Start of Data supplied
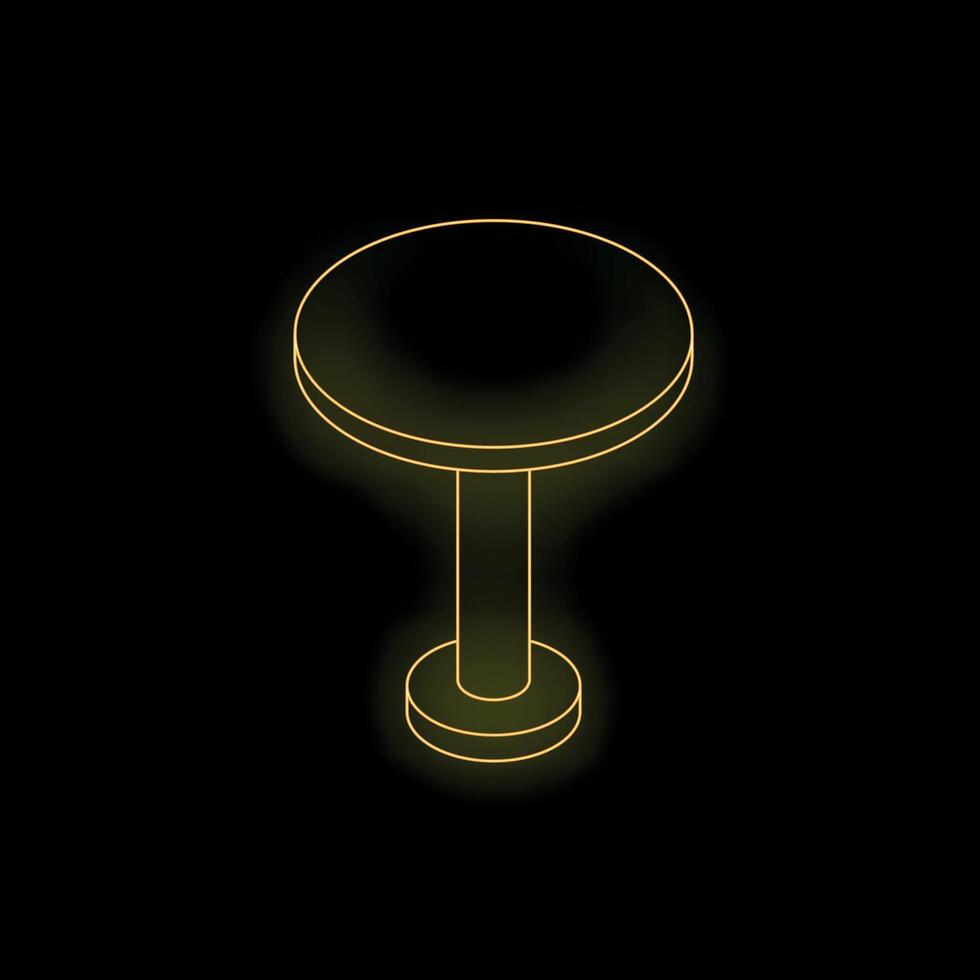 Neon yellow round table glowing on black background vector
End of Data supplied
Start of Data supplied
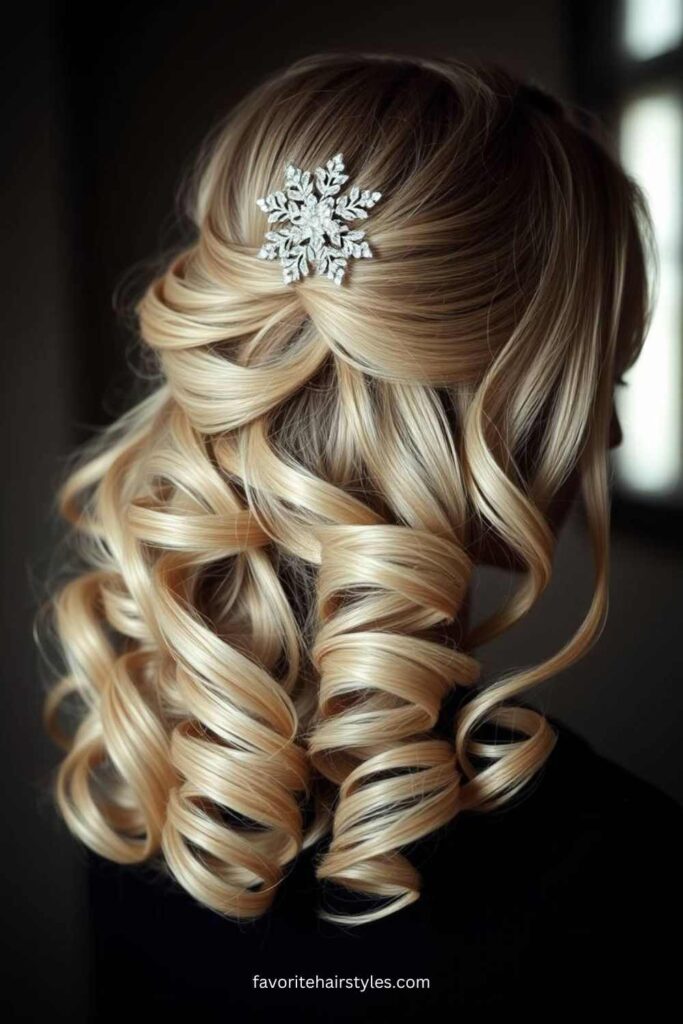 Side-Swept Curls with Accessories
End of Data supplied
Start of Data supplied
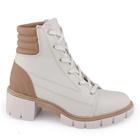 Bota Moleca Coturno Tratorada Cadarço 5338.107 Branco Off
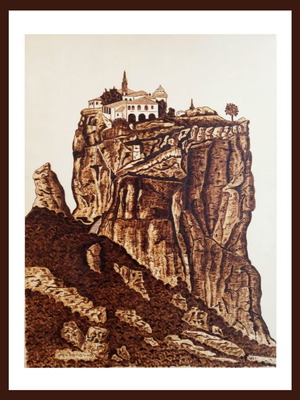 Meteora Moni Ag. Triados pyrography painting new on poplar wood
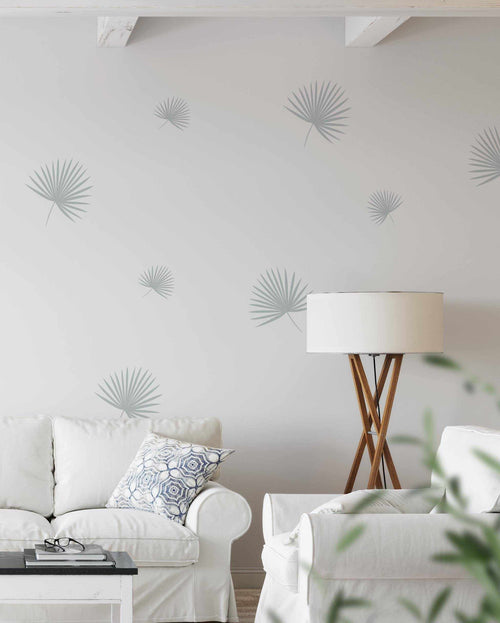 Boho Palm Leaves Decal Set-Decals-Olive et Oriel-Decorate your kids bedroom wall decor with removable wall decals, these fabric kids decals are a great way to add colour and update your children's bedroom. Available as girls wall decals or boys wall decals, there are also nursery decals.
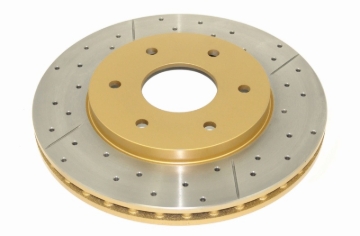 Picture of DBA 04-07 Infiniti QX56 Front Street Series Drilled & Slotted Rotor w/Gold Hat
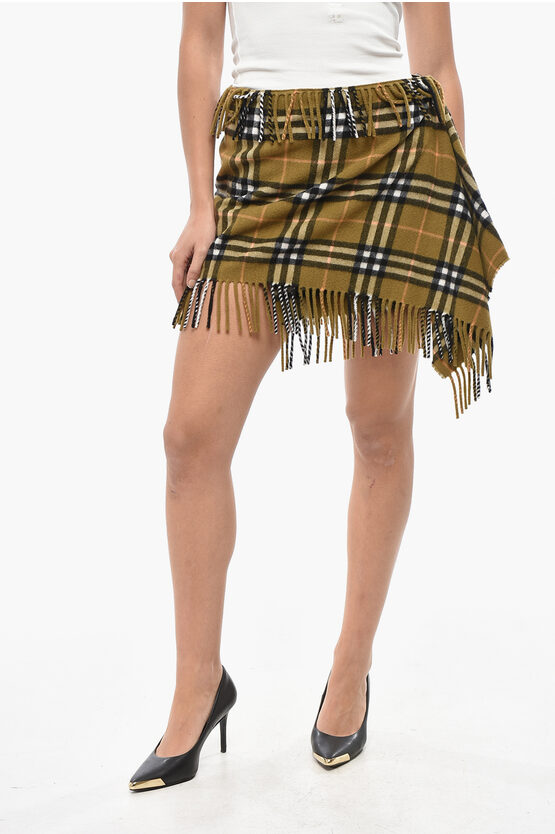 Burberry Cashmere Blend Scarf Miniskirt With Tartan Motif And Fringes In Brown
End of Data supplied
Aim of the exercise — What are the lines above from the one with "Meteora Moni Ag." to the one with "Burberry Cashmere Blend", both included? Reproduce them exactly, without pictures.

Answer section —
 Meteora Moni Ag. Triados pyrography painting new on poplar wood
 Boho Palm Leaves Decal Set-Decals-Olive et Oriel-Decorate your kids bedroom wall decor with removable wall decals, these fabric kids decals are a great way to add colour and update your children's bedroom. Available as girls wall decals or boys wall decals, there are also nursery decals.
 Picture of DBA 04-07 Infiniti QX56 Front Street Series Drilled & Slotted Rotor w/Gold Hat
 Burberry Cashmere Blend Scarf Miniskirt With Tartan Motif And Fringes In Brown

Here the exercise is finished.